Timor is sitting on the bed, smoking. His eyes are too small for his face, which gives him the look of a chubby rat, with a graze of stubble and dark hairs springing from the collar of his shirt and the cuffs of his tailored shirt.

“I give you ten minutes, okay?” he says, in a clipped Russian accent. “Because I want you to know I don't have anything to do with this. We will clear the air and then you can go fart in someone else's house.”

“Paul Lafonte,” Gabi starts. “We found your number in the recently dialed list on his phone.”

He interrupts her. “Yes, he owes me. Two hundred dollars. You think I would put pain on a man for two hundred dollars? Does that make fiscal sense? A broken arm does not help make the payments on my boat.”

“You strike me as the kind of man who doesn't make payments.”

“It's a recession. What can I say?”

“What kind of boat?”

“You know boats? A Beneteau First 30.”

“My father taught me to sail. He skippers a yacht in Miami. Sunset cruises, corporate events. He doesn't own it, though. The upkeep is too expensive.”

“Let me ask you, then, Miss Detective. Would your father throw someone overboard for breaking a champagne glass?”

“If it was damaging to his business and he needed to set an example.”
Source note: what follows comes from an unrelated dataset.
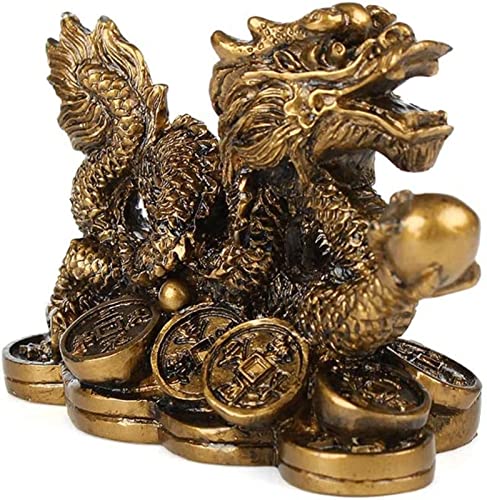 YKMYXZ， Tischdekorationsstatue, Heimbüro-Dekor, Abwehr negativer Energie, Feng Shui, Wohlstand, Gold, klein(Brown,S) von YKMYXZ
Timor gives her a pitying look. “Mr. Lafonte cannot hurt my business. He is a small fry and I am the…king lobster. I am very sorry for what happened to his son. It's a terrible thing.”

“So you know what happened?”

“The boy is dead. Isn't that enough?”

“Not in this case. There are some—unusual—specifics.”

“What are these specifics?” He twists one of his heavy gold cuff links.

“I'm afraid I can't get into that with you, but I need to ask you something.  Forgive me for being forthright—” Gabi starts.

“No, no, I like a forward woman,” he leers, his mouth full of shining white caps. “You would like to come sailing one day? It would be my pleasure to have you. See what your father taught you.”

“And go swimming with the fishes? No thank you.” Gabi smiles thinly. “Russians are known for sending a message. Brutal ones. Cutting off hands and feet. Decapitations. There were feet washing up in Canada a while ago. Would have had to be dumped from a boat.”

“Gabriella,” Luke warns.

Timor sneers. “I have heard these things too, and maybe some of it is true in other cities. I can't speak for every Russian. But we do not kill children. We are not fucking Mexicans! Not even the narcos would do something this stupid. Bring down the police. For what? Two hundred dollars? You tell Mr. Lafonte that as a sign of goodwill and compassion, I forgive his debt.”